Henk ziet grote positieve veranderingen op zijn bedrijf. “Je merkt dat de percelen elk jaar minder compost nodig hebben. Eerst gaven we 20 ton per hectare, nu eerder 10 ton. Ze blijven gewoon doorproduceren, al breng je niks. Dan zie je wel dat de stikstofproductie minder wordt, maar dan begint de klaver het wat over te nemen.” Ook extreem weer kan beter door de bodem worden opgevangen. “De bodem wordt een soort spons. Als het regent, neemt de bodem het vocht veel makkelijker op en in droge perioden zie je dat de bodem nu ook veel langer toe kan met minder vocht. De productie wordt wel wat lager maar de bodem blijft in leven, en zodra het weer begint te regenen, komt het weer op gang. Je kunt ook zien dat de bodem veel meer draagkracht heeft gekregen. Daarom hebben we vorig jaar bijvoorbeeld zeven pinken de hele winter buiten kunnen laten.” Ook Gerjo noteert veranderingen op zijn bedrijf. “Op alle vlakken zie ik de weerstand toenemen. Zo hebben we nu veel meer wormen. De pendelaar bijvoorbeeld, die gaat heel diep en perforeert de bodem, waardoor je de doorlaatbaarheid voor heftige regenval vergroot. Veel van de structuurschade die we hadden is nu hersteld, en we hebben nauwelijks nog plassen op het land.”

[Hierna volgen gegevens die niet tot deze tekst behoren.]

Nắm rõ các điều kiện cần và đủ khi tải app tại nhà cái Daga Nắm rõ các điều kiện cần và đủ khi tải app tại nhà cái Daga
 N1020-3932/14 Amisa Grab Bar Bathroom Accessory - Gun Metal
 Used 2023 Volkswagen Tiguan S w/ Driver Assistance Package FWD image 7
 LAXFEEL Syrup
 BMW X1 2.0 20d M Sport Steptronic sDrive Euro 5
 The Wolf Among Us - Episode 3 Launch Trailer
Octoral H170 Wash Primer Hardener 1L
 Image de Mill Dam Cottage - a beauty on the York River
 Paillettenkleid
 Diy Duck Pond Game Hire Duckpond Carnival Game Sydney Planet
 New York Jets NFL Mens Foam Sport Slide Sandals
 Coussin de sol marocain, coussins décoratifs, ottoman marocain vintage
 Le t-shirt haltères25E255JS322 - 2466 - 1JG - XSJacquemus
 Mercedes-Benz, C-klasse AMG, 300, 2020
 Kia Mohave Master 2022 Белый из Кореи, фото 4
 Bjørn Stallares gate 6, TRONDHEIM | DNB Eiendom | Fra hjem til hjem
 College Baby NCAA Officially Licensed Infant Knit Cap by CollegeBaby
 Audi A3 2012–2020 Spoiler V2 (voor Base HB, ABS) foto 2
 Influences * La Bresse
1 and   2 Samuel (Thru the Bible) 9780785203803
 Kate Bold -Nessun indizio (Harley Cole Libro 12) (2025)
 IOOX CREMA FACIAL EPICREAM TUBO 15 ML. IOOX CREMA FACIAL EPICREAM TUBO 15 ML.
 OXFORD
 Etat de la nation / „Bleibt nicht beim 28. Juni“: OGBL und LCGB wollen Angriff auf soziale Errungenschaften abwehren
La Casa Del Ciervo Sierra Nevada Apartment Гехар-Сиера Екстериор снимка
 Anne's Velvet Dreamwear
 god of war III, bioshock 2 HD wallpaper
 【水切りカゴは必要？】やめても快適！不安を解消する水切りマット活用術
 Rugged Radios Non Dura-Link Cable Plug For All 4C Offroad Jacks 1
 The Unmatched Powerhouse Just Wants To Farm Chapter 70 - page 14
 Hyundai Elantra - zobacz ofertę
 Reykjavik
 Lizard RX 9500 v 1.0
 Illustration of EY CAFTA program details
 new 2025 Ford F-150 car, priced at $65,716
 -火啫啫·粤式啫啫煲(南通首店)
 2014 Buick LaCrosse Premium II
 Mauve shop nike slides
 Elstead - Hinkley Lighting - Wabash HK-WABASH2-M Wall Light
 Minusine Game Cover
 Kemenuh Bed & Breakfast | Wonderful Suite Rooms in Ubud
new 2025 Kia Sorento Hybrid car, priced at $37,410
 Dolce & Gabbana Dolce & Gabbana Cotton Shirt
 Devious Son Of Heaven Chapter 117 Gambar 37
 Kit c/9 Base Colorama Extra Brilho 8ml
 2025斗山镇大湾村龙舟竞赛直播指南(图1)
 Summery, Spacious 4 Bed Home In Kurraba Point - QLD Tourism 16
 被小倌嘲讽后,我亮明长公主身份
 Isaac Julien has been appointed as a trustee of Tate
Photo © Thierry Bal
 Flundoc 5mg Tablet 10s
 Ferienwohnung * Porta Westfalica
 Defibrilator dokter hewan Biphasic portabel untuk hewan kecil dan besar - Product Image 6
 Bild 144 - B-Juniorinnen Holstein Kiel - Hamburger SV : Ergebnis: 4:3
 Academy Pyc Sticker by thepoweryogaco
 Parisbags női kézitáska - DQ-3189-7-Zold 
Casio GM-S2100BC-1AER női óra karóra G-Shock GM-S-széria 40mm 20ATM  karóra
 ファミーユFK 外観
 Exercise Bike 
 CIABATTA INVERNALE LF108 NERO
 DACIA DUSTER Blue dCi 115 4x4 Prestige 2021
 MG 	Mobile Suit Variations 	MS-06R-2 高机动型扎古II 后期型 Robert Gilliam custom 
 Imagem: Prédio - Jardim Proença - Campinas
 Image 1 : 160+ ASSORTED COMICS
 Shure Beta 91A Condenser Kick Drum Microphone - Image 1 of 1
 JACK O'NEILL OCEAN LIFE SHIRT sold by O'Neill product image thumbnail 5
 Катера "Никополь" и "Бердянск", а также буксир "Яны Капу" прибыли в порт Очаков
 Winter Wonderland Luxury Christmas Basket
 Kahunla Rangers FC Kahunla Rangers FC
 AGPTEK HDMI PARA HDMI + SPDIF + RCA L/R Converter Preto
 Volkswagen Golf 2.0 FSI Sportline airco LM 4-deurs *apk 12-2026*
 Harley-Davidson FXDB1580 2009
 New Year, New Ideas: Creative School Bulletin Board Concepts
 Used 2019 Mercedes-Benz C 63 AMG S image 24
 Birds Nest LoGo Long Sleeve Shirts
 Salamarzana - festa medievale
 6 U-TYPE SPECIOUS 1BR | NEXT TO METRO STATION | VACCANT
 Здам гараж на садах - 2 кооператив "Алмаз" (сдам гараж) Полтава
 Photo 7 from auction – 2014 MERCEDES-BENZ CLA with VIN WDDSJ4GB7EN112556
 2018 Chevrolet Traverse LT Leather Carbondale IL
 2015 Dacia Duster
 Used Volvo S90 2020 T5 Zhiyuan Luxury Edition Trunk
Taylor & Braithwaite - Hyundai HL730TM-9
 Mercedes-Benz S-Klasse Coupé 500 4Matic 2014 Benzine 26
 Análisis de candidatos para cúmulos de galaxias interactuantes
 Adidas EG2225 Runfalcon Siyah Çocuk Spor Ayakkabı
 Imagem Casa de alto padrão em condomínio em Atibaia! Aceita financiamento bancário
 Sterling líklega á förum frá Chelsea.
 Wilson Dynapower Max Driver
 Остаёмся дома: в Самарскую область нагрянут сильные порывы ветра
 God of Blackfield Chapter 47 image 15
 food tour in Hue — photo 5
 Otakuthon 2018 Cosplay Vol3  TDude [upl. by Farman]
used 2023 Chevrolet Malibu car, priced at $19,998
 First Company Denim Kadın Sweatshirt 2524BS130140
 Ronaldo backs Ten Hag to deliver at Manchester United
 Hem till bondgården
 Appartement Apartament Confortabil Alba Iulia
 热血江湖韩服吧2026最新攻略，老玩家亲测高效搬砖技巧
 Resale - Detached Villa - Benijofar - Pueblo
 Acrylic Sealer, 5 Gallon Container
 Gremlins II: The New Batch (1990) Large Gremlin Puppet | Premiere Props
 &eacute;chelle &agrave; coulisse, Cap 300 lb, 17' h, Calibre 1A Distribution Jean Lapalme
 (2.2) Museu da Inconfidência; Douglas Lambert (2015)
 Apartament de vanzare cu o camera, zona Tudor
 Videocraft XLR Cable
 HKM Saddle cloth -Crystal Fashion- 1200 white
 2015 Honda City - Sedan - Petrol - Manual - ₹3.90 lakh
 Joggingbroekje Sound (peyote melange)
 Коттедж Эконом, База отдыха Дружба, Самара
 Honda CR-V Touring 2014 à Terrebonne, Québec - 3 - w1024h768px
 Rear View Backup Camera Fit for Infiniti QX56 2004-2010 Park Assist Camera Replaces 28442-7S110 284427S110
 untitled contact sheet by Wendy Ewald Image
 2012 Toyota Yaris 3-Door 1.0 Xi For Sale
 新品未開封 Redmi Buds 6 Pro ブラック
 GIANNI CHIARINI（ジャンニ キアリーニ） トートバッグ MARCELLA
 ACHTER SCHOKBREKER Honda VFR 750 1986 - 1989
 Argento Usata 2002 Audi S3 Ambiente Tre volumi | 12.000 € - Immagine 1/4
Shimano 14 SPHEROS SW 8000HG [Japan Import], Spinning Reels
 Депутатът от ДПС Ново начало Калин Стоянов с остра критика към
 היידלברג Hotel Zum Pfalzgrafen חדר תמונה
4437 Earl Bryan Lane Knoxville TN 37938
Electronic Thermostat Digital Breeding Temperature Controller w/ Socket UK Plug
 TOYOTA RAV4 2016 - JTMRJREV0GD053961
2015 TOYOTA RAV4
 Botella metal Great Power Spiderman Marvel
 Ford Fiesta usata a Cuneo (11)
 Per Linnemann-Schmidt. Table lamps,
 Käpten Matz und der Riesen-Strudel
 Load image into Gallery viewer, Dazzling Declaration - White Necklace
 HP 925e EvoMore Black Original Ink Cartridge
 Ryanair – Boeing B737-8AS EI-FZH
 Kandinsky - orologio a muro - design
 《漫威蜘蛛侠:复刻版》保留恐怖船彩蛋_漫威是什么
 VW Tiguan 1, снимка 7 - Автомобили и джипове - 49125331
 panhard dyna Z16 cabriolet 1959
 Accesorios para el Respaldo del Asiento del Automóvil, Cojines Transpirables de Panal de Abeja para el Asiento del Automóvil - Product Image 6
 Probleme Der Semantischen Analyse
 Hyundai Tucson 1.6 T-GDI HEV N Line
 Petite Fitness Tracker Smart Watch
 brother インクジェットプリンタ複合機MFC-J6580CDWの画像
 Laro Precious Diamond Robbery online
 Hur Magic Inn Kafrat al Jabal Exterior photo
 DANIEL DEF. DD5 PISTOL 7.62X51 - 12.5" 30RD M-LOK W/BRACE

Vijf eigenwijze Nederlandse boeren doken met een kleine filmploeg letterlijk hun bodem in, en vertellen waarom en hoe zij voortdurend experimenteren en observeren om die duurzamer te beheren. Samen verzetten zij de bakens om tot een grondig nieuw bodemverhaal te komen. Daarin is duurzame voedselproductie meer dan verliezen compenseren en bedreigingen afwenden. Met oude, soms vergeten, en nieuwe, soms verrassende kennis bouwen zij proactief aan hun natuurlijke kapitaal: een bruisend bodemleven met voldoende lucht, water, koolstof en mineralen.
“De triticale laten we in het voorjaar en het najaar begrazen.”
Henk den Hartog: “De zwakste schakel in de melkveehouderij is volgens mij de huisvesting van het vee. En dan heb ik het nog niet eens over dierenwelzijn of ruimte voor de koe, maar puur over wat wij met de uitwerpselen van onze koeien doen, met de voeding voor het bodemleven. Daar moeten we oplossingen voor gaan zoeken.”